The CCM algorithm embeds and reconstructs the attractors of the two investigated time series and tests whether the “fingerprint” of the cause can be observed in the consequence. To infer the causality from X(t) to Y(t) time series, the CCM algorithm runs through all the points Y(t) of the consequence. For all Y(t) points of the manifold, the E + 1 nearest neighbor points Y(ti) are chosen. A weighting factor Wi(t) is calculated for each neighbor Y(ti) through: 1, normalizing the distances by the distance of the closest neighbor Y(t1); 2, using an exponential kernel; 3, renormalizing to sum 1:

$${W}_{i}(t)=\frac{{e}^{-\frac{|{\bf{Y}}({t}_{i})-{\bf{Y}}(t)|}{|{\bf{Y}}({t}_{1})-{\bf{Y}}(t)|}}}{\sum _{i}^{E+1}{e}^{-\frac{|{\bf{Y}}({t}_{i})-{\bf{Y}}(t)|}{|{\bf{Y}}({t}_{1})-{\bf{Y}}(t)|}}}$$
(7)

where, \(|{\bf{Y}}({t}_{i})-{\bf{Y}}(t)|\) denotes the Euclidean distance between the ith closest neighbor Y(ti) and the original point Y(t) in the embedding space. Then, an estimation \(\hat{X}(t)\) is calculated for X(t) as a weighted average of the mapped X(ti) points, by using the Wi(t) weight factors:

$$\hat{X}(t)=\sum _{i}{W}_{i}(t)\,\ast \,X({t}_{i})$$
(8)

Finally, the estimated \(\hat{X}(t)\) and the original X(t) time series are compared by calculating the linear correlation coefficient between them:

$$CC{M}_{X\to Y}=\frac{{\sum }_{t}(X(t)-M(X(t)))(\hat{X}(t)-M(\hat{X}(t)))}{\sqrt{\sum _{t}{(X(t)-M(X(t)))}^{2}}\sqrt{\sum _{t}{(\hat{X}(t)-M(\hat{X}(t)))}^{2}}}$$
(9)

where M(X(t)) denotes the mean of X(t) over the time samples. High values of the CCMXY show, that the consequence Y(t) contains information about the cause X(t), thus refers to the existence of a directed causal connection from the cause to the consequence. Causality CCMYX in the reverse direction calculated similarly, only the role of the X and Y is reversed.

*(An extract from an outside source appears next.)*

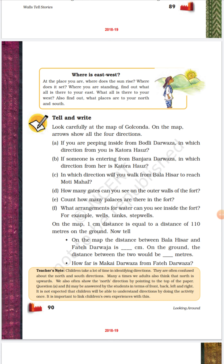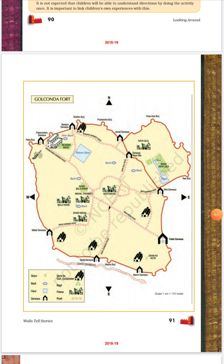People in those days were not only great in construction and architecture but also very clever in finding directions without a compass. Today we have Google Maps, GPS, and electronic gadgets. In those days, they had neither a compass nor GPS, so they used the position of the sun to find directions. This is a map of Golconda Fort.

Ye et al.13 extended the original CCM method by introducing time delay between the cause and consequence and examining the causal relationships at many time lags.

Theoretically, if the dimension of the dynamics is D, than at most an E = 2D + 1 dimensional embedding space is needed to reach the full topological equivalence between the embedded and the original attractors25. However, E = D + 1 embedding dimension is enough, to turn the false self-cross sections of the manifold into zero-volume26. In practice, we found that higher embedding dimension and higher τ embedding delay resulted in increasing causality-peak for a while, but widening plateau on the top of the peak after a certain point. Thus, we tried to find parameter set, which is optimal for the inference of the effect’s temporal delay, which results in the highest peak without plateau on it. As a result, the embedding dimension was chosen to 3 and the time delay for the embedding to 1 time step (0.5 s) for the analysis.